While making a profit is quite simple, the ultimate goal is to rise in Karl's favour before the others do. In fact, this is the only thing which makes for a challenge at all. The economic system is ultra-simplistic: Each city is good for a certain commodity, the more workers you hire, the more will be produced and of course, producing more than you can transport or store is not a good idea. Also keep in mind that storage space is the not-so-secret bonus commodity which can bring a nice extra profit as well.
The thing is that this simplicity makes Fugger a fairly boring game to play on your own. Although the economic model is solid, it is all too transparent; there is absolutely no challenge, even the random events don't really bring any excitement into the game. Profit grows exponentionally for obvious reasons and the sums to make Karl happy are not all that hard to make before the game ends in the player's inevitable death.
However, the game manages to shine as soon as more than one person sits down in front of the screen. It manages to do so by tackling a genre inherent issue which plagues so many of its competitors: The question of whether a game feels more like the players are actually playing with/against each other or whether they are just playing in parallel.
What is it a trading game usually consists of? Buying cheap goods in one place and selling them somewhere else for a profit. Whether somebody else is doing the same thing at the same time, even if this supposedly takes place in the same world, does not really affect anyone; the intended competitors are playing just like they would in a single-player session and the only way to gauge their relative success (because more often than not, they are all successful) is the size of their profits, i.e. a comparison of purely abstract numbers.
Fugger offers more than this by not only giving all the players the same goal (whoever reaches the highest status with the emperor can be considered the winner), but it also allows actual interaction between them. In fact, many game features are not even available in single-player mode. For example, there is quite an extensive sideline about hiring crooks to ambush your competitors' carts (who, in turn, can hire mercenaries to defend themselves) which is actually fought out in a simplistic tactical sub-game. Bribes suddenly begin to make sense as well if there are other players. And so on.
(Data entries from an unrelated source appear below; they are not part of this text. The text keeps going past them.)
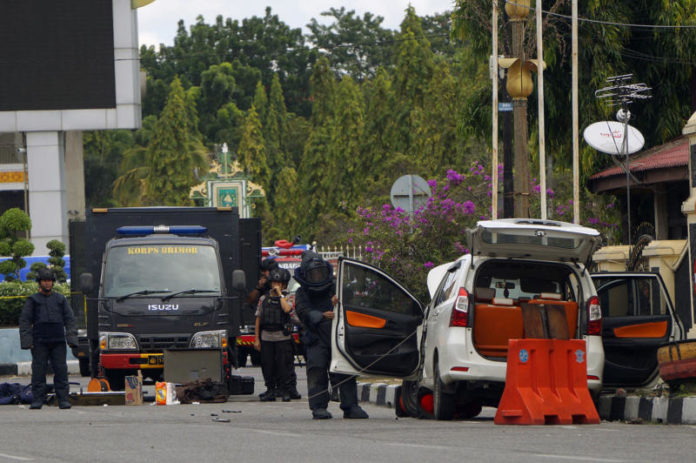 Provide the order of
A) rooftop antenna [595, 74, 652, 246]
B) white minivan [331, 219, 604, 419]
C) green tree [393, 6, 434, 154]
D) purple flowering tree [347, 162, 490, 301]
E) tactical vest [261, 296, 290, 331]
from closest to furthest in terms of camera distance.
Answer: white minivan [331, 219, 604, 419], tactical vest [261, 296, 290, 331], rooftop antenna [595, 74, 652, 246], purple flowering tree [347, 162, 490, 301], green tree [393, 6, 434, 154]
In this respect, Fugger is an excellent social game, as it is based on the spirit of competition and schadenfreude: Delivering a major blow to your competitor or just her having some bad luck can lead to a lot of evil fun. On the other hand, simply watching your financial numbers grow is a fairly dry affair, especially since the game does not even offer to take over any of the routine tasks for the players; in spite of the very good controls which make these things quite easy, this is therefore not a recommendable game without a couple of friends joining in (the rating reflects operation in multiplayer mode, as it is undoubtedly primarily intended to be played). Though convincing some people to join in should be relatively easy at least – the game is a fairly quick one in every respect: quick to learn, quick to master and quick to finish. Single-player practice, thankfully, isn't really needed anyway. In any case, it is good to see someone trying to do something different in the trading genre, to give it some purpose. Even just for that alone, Fugger already deserves a lot of credit.